Mi vida está marcada por dos canciones. Una resulta evidente. Mi madre jura y perjura que no me llamó Noelia en homenaje a Nino Bravo, pero yo no me lo creo. ¿Quién conocía ese nombre antes de que él lo cantara? ¿Y por qué hay tantas chicas de mi edad que se llaman así? ¿No será que la cancioncita en cuestión lo puso de moda?
Ella dice que si hay una canción que le inspiró a la hora de bautizarme ese tema fue Penélope. Que a punto estuvo. A puntito. Pero le faltó valor. Mi tía le decía que los niños en el colegio iban a llamarme "Pene" y mi madre, que es muy mirada, se echó atrás y cambió de idea –luego me llamaron "bola de sebo" y "repollo con lazo", así que no sé muy bien con cuál de los tres escarnios quedarme; el primero, al menos, da placer si se sabe usar en condiciones–.
Odié Noelia durante años. Cada vez que alguien me preguntaba mi nombre terminaba tarareando la cancioncita y huelga decir que ninguno de los intérpretes improvisados le llegaba a Nino Bravo ni al bajo de los pantalones de campana. Penélope no lo descubrí en la voz de Serrat, sino en la versión que grabó Miguel Ríos en El gusto es nuestro, pero me conquistó, y me rebelé contra mis progenitores por no haberme puesto tan mitológico nombre –sí, sí, a Penélope no la inventó Bardem, sino nuestros tatatatatatatarabuelos griegos–.
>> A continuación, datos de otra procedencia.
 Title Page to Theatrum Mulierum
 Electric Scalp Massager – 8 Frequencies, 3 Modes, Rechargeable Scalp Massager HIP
Durante mucho tiempo creí que esa canción la había compuesto el gran Joan Manuel, igual que Lucía, uno de mis temas favoritos, por el que no dudaría en llamar así a una futura e improbable hija, pero el domingo descubrí que el padre de Penélope, igual que el de Noelia, era Augusto Algueró, que subió a la España sesentera en una Tómbola, la llenó de chicas ye-ye y la puso a confesar Te quiero, te quiero, porque desde que estoy Contigo, contigo la vida es de otro color.
Algueró ya no está, pero las teclas de su piano dejan nuestra memoria musical llena de historias inolvidables, de melodías dulces, alegres. De notas con sabor a nostalgia. Porque cualquier tiempo pasado fue mejor si suena a ternura.